> **Exercise data**
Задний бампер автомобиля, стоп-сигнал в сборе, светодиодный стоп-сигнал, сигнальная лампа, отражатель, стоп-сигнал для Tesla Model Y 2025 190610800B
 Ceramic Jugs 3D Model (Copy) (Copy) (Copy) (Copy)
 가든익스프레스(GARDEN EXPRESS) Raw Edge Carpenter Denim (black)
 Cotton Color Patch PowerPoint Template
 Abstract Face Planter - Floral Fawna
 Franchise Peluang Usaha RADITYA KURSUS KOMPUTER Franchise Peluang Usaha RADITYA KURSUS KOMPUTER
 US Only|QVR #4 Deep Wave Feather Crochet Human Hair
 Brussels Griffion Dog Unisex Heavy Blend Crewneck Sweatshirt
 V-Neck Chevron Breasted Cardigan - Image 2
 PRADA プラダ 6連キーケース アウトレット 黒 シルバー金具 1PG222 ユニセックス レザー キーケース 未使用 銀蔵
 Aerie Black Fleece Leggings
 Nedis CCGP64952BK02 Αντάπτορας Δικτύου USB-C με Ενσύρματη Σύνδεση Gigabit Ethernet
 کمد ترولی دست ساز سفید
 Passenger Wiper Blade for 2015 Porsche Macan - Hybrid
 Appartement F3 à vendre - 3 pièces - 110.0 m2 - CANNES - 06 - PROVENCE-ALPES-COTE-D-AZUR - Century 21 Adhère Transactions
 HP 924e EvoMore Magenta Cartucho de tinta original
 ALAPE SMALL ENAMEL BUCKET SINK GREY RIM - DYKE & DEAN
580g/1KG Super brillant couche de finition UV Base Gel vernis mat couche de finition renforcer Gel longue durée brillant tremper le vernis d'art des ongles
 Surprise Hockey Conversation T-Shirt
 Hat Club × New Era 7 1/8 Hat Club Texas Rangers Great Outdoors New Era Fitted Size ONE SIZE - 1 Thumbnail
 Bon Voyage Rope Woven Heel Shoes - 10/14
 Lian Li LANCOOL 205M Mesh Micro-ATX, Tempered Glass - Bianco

> **Exercise prompt**
Take the line with "Passenger Wiper Blade" and every line after it in the data, and please reproduce them exactly, leaving out all other lines.

> **Result of the exercise**
 Passenger Wiper Blade for 2015 Porsche Macan - Hybrid
 Appartement F3 à vendre - 3 pièces - 110.0 m2 - CANNES - 06 - PROVENCE-ALPES-COTE-D-AZUR - Century 21 Adhère Transactions
 HP 924e EvoMore Magenta Cartucho de tinta original
 ALAPE SMALL ENAMEL BUCKET SINK GREY RIM - DYKE & DEAN
580g/1KG Super brillant couche de finition UV Base Gel vernis mat couche de finition renforcer Gel longue durée brillant tremper le vernis d'art des ongles
 Surprise Hockey Conversation T-Shirt
 Hat Club × New Era 7 1/8 Hat Club Texas Rangers Great Outdoors New Era Fitted Size ONE SIZE - 1 Thumbnail
 Bon Voyage Rope Woven Heel Shoes - 10/14
 Lian Li LANCOOL 205M Mesh Micro-ATX, Tempered Glass - Bianco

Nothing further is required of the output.